Open Cvija2609 opened 2 years ago
Hi,
A am not sure that it can help, but you can try to run example from my working repo. https://github.com/webmakaka/Machine-Learning-on-Kubernetes
Working stand should looks like https://github.com/PacktPublishing/Machine-Learning-on-Kubernetes/issues/6#issuecomment-1221355813
thank You @webmakaka - tried it, still same problem :(
How long it took for You to initialize airflow? I'll leave it be and see if that may be the problem
less than 17m
sent you email on mar***@gm.com with my step by step instruction how to run environment for this book.
I am having problems with the same step. Everything until that step is working fine.
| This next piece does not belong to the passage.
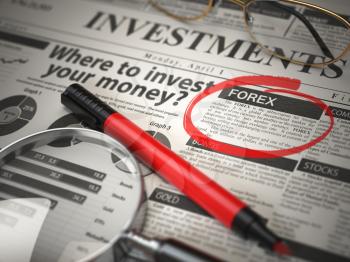 FOREX is the best option to invest. Where to Invest concept, Investmets newspaper with loupe and marker. 3d illustration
I am using --driver=docker
and minikube
version v1.28.0 on WSL2 (Ubuntu).
$ kubectl create -f manifests/kfdef/ml-platform.yaml -n ml-workshop
kfdef.kfdef.apps.kubeflow.org/opendatahub-ml-workshop created
This works fine.
But then none of the pods are being created (see below). I went through these steps multiple times (started all over again), but to no avail:
$ kubectl get pods -n ml-workshop
No resources found in ml-workshop namespace.
$ kubectl get all -n ml-workshop
NAME TYPE CLUSTER-IP EXTERNAL-IP PORT(S) AGE
service/jupyterhub ClusterIP 10.97.249.33 <none> 8080/TCP,8081/TCP 40m
service/jupyterhub-db ClusterIP 10.107.85.252 <none> 5432/TCP 40m
@vishal-git Try to repeat from scratch. You can use my repo and instructions inside, if needed.
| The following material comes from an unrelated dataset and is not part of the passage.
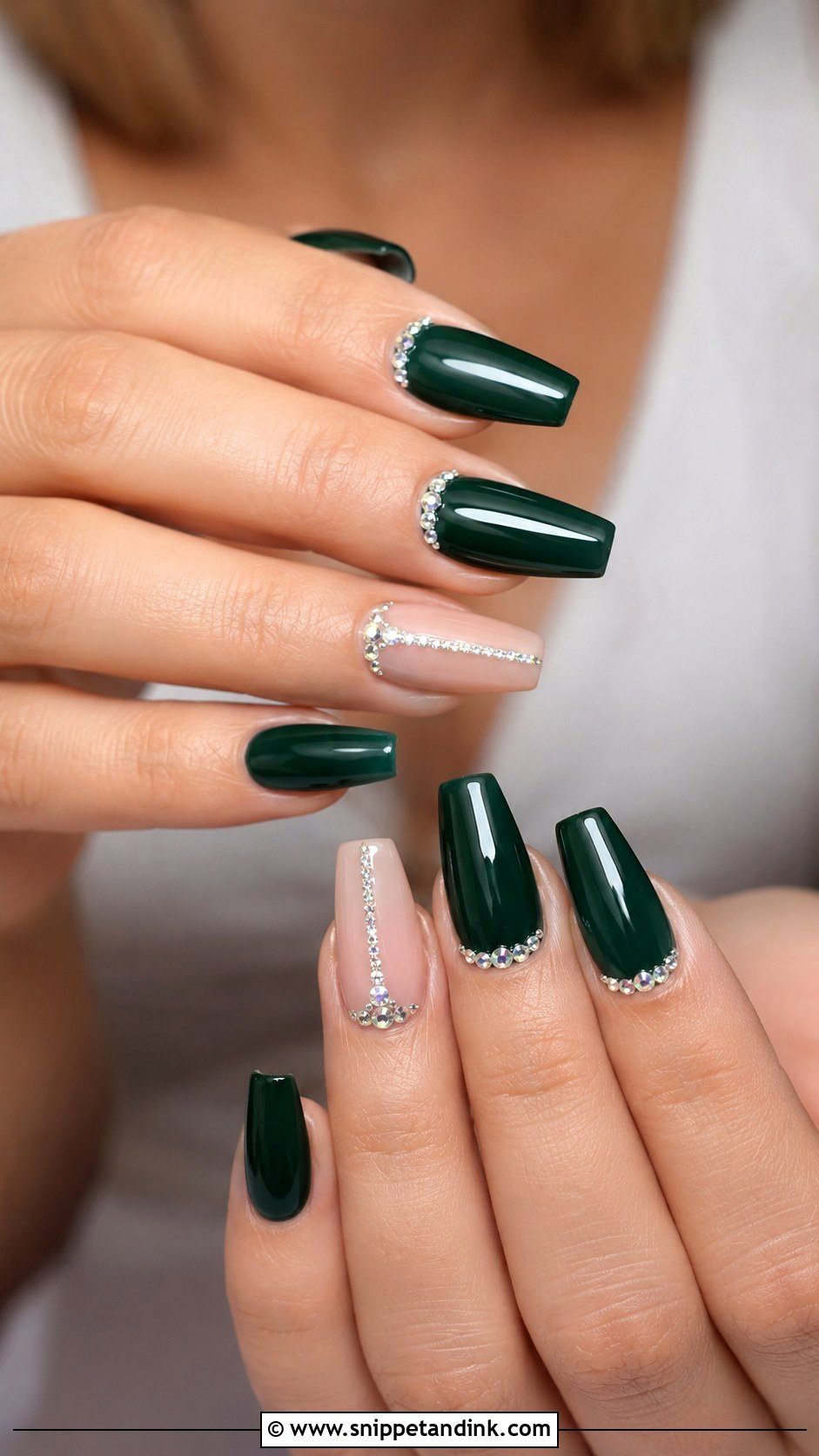 Emerald Green Rhinestone Wedding Nails - Snippet and Ink - 20 Emerald Green Wedding Nails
I've tried everything multiple times and now I'm constantly getting error as @vishal-git
I've dig deeper and found out that opendatahub-operator
is throwing this
...
configmap/jupyterhub-default-groups-config serverside-applied
configmap/spark-cluster-template serverside-applied
configmap/parameters serverside-applied
configmap/odh-jupyterhub-sizes serverside-applied
configmap/jupyter-singleuser-profiles serverside-applied
configmap/jupyterhub-cfg serverside-applied
persistentvolumeclaim/jupyterhub-db serverside-applied
serviceaccount/jupyterhub-hub serverside-applied
clusterrole.rbac.authorization.k8s.io/jupyterhub-cluster serverside-applied
clusterrolebinding.rbac.authorization.k8s.io/jupyterhub-cluster serverside-applied
role.rbac.authorization.k8s.io/jupyterhub serverside-applied
service/jupyterhub-db serverside-applied
service/jupyterhub serverside-applied
ingress.networking.k8s.io/jupyterhub serverside-applied
route.route.openshift.io/jupyterhub serverside-applied
time="2023-01-02T13:00:29Z" level=warning msg="Encountered error applying application jupyterhub: (kubeflow.error): Code 500 with message: Apply.Run : [failed to create typed patch object: .metadata.label: field not declared in schema, failed to create typed patch object: .roleRef.namespace: field not declared in schema, failed to create typed patch object: errors:\n .spec.selector.deploymentconfig: field not declared in schema\n .spec.strategy.recreateParams: field not declared in schema\n .spec.triggers: field not declared in schema, failed to create typed patch object: errors:\n .spec.selector.deploymentconfig: field not declared in schema\n .spec.strategy: field not declared in schema]"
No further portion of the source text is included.